Bioutilization

This research explores how biological systems can be integrated into architecture to create regenerative urban skins that respond to environmental challenges and promote ecological balance, resilience, and sustainability.

Summary

Drawing on Gregory Bateson's ecological thinking, this research investigates how architecture can evolve into a regenerative, living interface within our rapidly changing environment. As cities grow denser and climate awareness increases, new design approaches envision the building envelope—the skin of the city—as a site for ecological action. Biological organisms offer promising solutions: from producing biodegradable materials to purifying water, reducing air pollution, generating energy, and even supplying food. By embedding living systems into architecture, this work seeks to redefine sustainability as a symbiotic relationship between the built and natural worlds.

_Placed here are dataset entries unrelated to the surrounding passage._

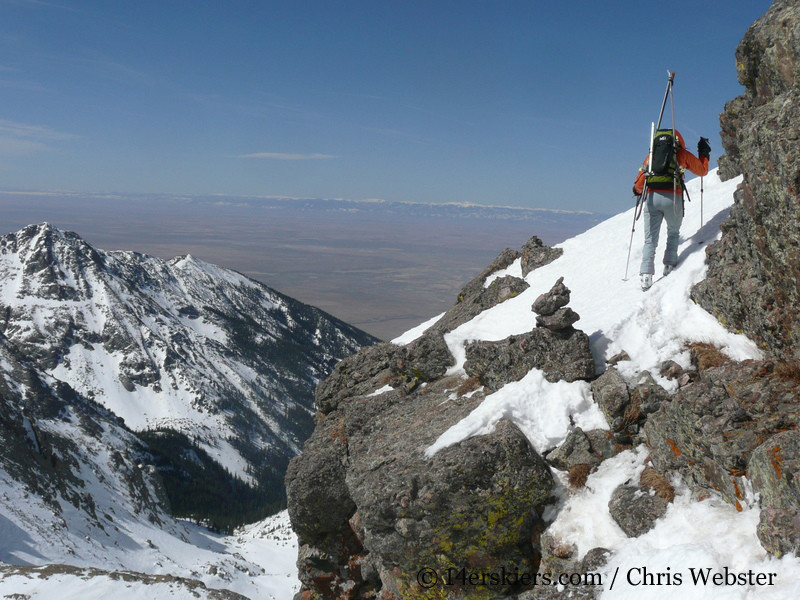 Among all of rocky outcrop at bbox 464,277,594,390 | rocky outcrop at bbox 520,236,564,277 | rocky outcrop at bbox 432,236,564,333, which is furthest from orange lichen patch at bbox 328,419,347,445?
rocky outcrop at bbox 520,236,564,277

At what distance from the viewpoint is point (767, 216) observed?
41.8 ft

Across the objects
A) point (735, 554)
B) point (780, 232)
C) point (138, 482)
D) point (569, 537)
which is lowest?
point (138, 482)

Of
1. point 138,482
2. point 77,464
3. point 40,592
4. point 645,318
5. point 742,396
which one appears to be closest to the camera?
point 742,396

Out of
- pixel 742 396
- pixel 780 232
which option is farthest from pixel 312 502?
pixel 780 232

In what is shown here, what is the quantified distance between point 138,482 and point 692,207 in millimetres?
209781

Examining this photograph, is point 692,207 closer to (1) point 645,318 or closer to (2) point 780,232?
(1) point 645,318

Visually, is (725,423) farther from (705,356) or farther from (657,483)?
(705,356)

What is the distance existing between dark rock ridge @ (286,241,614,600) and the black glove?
280 inches

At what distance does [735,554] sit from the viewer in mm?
9148

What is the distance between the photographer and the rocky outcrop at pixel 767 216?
472 inches

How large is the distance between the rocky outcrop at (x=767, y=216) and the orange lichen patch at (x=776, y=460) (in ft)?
10.9

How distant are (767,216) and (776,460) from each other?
6666 mm

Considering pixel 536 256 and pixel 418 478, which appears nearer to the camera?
pixel 418 478

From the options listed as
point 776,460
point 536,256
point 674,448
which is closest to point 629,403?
point 674,448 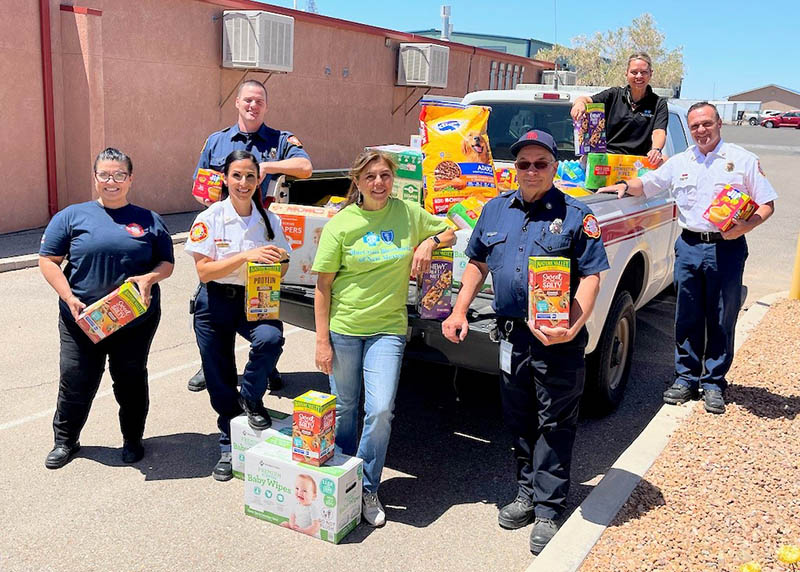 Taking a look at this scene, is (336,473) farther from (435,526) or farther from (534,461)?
(534,461)

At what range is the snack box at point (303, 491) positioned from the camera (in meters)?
3.70

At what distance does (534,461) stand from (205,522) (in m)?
1.63

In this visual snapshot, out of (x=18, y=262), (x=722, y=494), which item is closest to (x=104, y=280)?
(x=722, y=494)

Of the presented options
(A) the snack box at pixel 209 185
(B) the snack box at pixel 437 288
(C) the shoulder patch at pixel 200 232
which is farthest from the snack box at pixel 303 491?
(A) the snack box at pixel 209 185

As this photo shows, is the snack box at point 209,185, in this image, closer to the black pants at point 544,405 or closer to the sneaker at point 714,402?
the black pants at point 544,405

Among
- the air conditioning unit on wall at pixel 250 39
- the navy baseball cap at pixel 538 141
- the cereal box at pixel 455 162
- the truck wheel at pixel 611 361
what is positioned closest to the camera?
the navy baseball cap at pixel 538 141

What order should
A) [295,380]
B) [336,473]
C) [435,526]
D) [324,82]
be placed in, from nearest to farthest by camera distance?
1. [336,473]
2. [435,526]
3. [295,380]
4. [324,82]

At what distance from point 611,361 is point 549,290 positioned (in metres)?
2.07

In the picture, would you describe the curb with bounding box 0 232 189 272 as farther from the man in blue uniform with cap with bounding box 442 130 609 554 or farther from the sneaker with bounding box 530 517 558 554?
the sneaker with bounding box 530 517 558 554

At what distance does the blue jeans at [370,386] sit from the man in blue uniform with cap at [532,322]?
1.11 feet

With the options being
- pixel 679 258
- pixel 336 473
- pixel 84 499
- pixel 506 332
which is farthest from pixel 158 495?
pixel 679 258

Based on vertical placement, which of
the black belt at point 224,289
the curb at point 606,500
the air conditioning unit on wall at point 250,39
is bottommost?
the curb at point 606,500

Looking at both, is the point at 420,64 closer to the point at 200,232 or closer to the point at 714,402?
the point at 714,402

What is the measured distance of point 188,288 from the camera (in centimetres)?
859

"If the organism ends up destroying its environment, it has in fact destroyed itself."
Gregory Bateson, Steps to an Ecology of Mind (1972)

This quote from Bateson highlights the inextricable link between organisms and their environment—a principle that is increasingly relevant to architecture today. Contemporary design discourse calls for architecture to become not only resilient, but also regenerative: capable of contributing to environmental repair rather than merely minimising damage.

As urban density increases and ecological awareness deepens, a new vision emerges in which the city's skin transforms into a living, responsive landscape. Architectural surfaces—such as walls, roofs, and façades—are reimagined as active ecosystems that can host biological life and perform environmental functions.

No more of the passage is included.